This is complicated! I need to think about it some more but here are some initial thoughts.

The change in the first commit promotes "pads" to "pins", which I'm not sure makes sense. For example, on a part with both PA0 and PA0_C, I don't think you should be able to do digital IO on both.

Would someone ever want to change the switch state at runtime. i.e. a generic board that has both PC2 and PC2_C wired to external headers, there are several combinations available to them.

On a part with the pad Pxy_C (but without the pad Pxy), what should we call the pin in MicroPython. (For example, PC2_C on the the UFBGA169 package of the H747, e.g. the Nicla Vision).
a) We definitely shouldn't provide both (which I think this PR does)
b) It feels to me like it should be PC2, not PC2_C.
What if the switch is open in that case, do they really have the "pin" Pxy at all? (Really they just have an extra ADC channel wired directly to a pad, and no pin at all).

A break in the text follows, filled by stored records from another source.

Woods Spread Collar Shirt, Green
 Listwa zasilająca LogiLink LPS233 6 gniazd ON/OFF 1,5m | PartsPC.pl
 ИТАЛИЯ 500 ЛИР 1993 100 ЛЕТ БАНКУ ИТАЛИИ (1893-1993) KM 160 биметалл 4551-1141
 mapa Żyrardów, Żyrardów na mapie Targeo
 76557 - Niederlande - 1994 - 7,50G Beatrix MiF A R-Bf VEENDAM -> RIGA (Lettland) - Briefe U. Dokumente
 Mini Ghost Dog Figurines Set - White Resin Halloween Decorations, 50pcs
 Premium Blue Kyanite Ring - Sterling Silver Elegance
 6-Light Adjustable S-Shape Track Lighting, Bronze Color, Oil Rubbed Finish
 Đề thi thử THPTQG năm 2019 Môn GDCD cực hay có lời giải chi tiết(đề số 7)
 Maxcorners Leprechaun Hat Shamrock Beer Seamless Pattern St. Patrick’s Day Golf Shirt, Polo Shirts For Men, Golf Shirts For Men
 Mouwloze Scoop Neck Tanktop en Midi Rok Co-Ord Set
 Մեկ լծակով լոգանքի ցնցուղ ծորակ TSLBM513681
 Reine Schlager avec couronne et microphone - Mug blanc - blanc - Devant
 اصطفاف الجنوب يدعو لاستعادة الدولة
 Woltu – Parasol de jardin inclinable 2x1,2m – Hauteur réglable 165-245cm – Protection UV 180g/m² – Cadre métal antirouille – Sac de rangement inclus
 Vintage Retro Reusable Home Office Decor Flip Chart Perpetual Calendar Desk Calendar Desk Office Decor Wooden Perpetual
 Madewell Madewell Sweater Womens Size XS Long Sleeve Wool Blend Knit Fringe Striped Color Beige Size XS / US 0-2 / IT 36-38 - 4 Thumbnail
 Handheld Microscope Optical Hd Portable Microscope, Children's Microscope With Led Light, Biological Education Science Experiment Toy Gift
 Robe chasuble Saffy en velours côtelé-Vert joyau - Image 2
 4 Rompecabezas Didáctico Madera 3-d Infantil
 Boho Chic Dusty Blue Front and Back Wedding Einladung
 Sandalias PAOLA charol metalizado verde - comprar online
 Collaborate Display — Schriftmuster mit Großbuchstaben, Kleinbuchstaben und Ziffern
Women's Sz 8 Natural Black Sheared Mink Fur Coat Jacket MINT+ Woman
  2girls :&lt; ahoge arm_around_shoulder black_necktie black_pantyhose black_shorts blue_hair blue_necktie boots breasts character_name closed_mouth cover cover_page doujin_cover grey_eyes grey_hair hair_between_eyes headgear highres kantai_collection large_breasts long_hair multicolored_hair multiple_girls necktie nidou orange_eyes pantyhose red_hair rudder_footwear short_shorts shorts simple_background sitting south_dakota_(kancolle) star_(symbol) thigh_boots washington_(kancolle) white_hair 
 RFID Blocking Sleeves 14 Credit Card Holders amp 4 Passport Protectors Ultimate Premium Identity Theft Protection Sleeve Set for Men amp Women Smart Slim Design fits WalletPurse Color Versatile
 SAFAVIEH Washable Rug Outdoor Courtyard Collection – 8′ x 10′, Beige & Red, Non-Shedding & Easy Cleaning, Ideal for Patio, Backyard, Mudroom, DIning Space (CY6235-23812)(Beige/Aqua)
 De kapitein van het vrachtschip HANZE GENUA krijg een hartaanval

So the switches would default to open (except on parts with a Pxy_C pad but no Pxy pad, where they default to closed). (This is actually the case on the Nicla Vision -- as I understand it, the config added in this PR actually sets it to the reset default anyway -- it has only PA0, PA1, PC2_C, PC2_C, so the switches will be 0, 0, 1, 1 by default). (Is that true of all of the configuration for both boards... it's always setting the default value?)

On the Nicla, would a user ever need/want to open the switch, thereby disconnecting ULPI NXT and DIR pins?

My feeling is that we really need to address this by making the ADC more sophisticated (we already want to do this anyway via ADCBlock -- e.g. you cannot currently use more than the lowest-numbered ADC on the channel that has the most ADCs).

So for example:
If the part has only one of the dual pads (e.g. Pxy_C but not Pxy, or Pxy but not Pxy_C). The switch will default to closed in the first case, open in the second. In the af.csv we configure just Pxy, with just the ADC units and channels available to Pxy. However, we make the "direct" ADC channels available via ADCBlock (i.e. ADCBlock(3).channel(1) would get PC3_C's "direct" ADC on the H747). When you use these channels, it toggles the switch for you (in the first case, to isolate from the pin, in the second case, because it needs to).
If the part has both pads, then the switch will be open by default. In the af.csv we configure just Pxy, with just the ADC units and channels available to Pxy. Then the new ADCBlock allows you to access the Pxy_C channels. The switch always stays open.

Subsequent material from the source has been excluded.